Start of Data for analysis

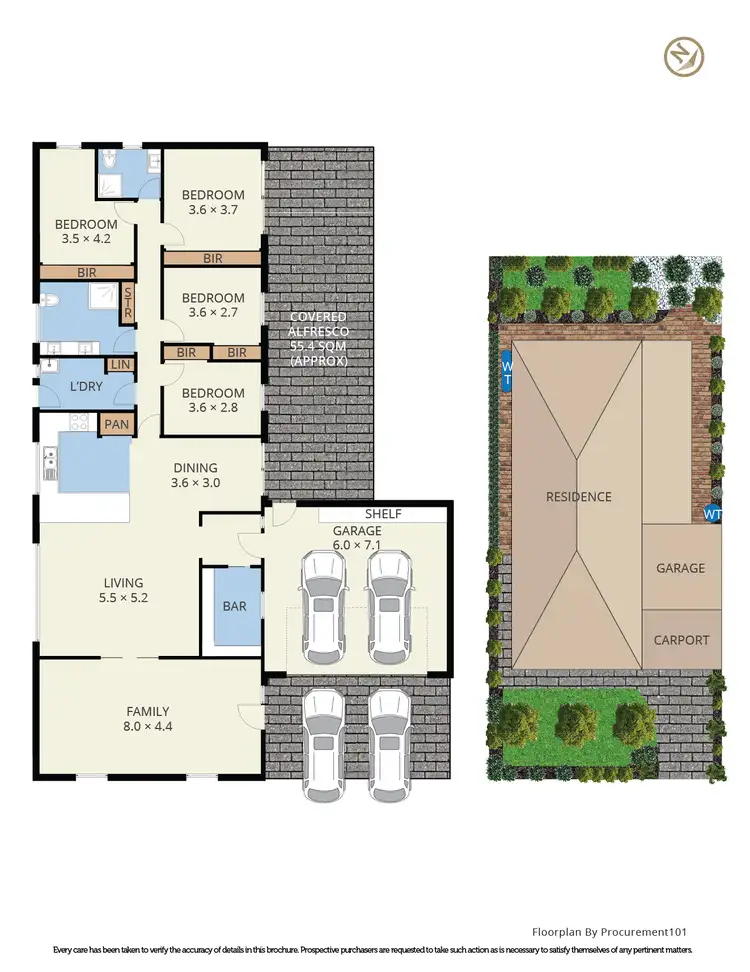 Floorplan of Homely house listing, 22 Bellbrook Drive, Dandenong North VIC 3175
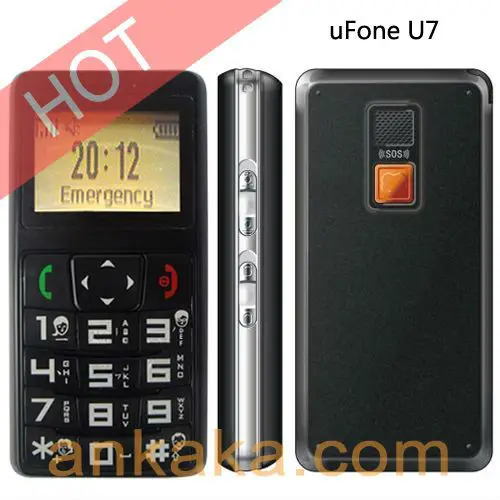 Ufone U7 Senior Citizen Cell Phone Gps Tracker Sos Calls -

End of Data for analysis
Start of Data for analysis

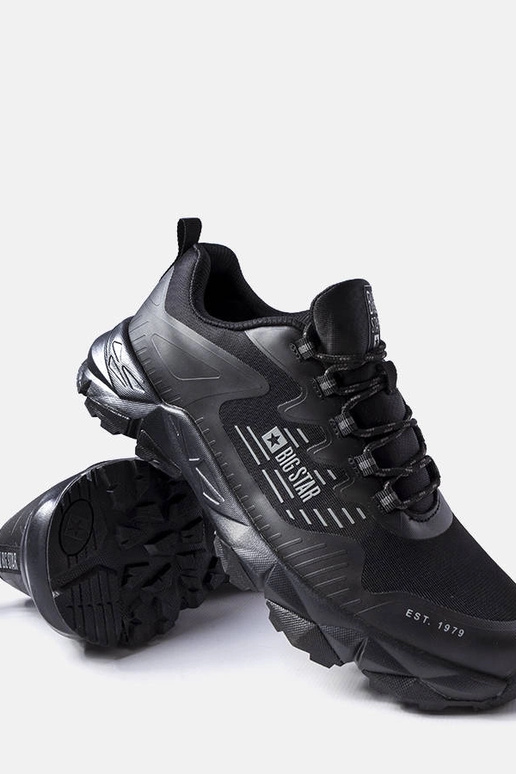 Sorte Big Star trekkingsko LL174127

End of Data for analysis
Start of Data for analysis

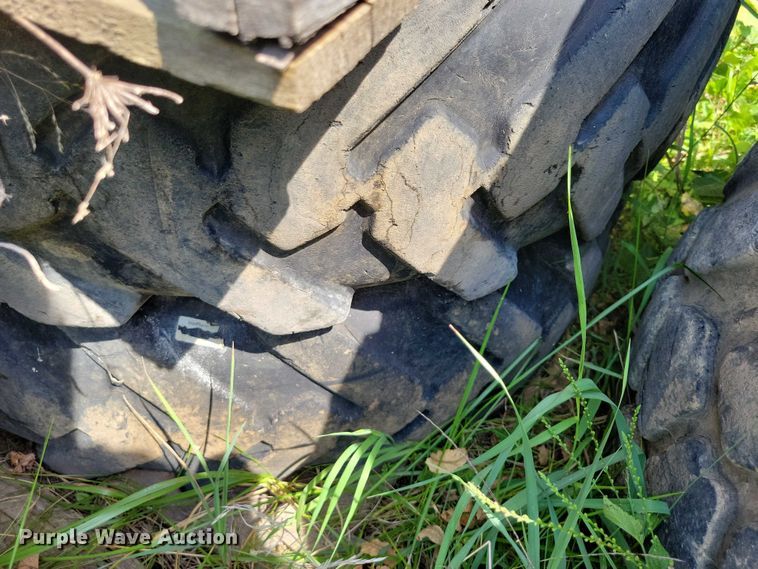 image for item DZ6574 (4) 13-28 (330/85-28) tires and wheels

End of Data for analysis

» Assignment:
Leave out every picture, and copy exactly the lines above starting at the one holding "Floorplan of Homely" and ending at the one holding "Ufone U7 Senior", no more and no less.

» Response area:
 Floorplan of Homely house listing, 22 Bellbrook Drive, Dandenong North VIC 3175
 Ufone U7 Senior Citizen Cell Phone Gps Tracker Sos Calls -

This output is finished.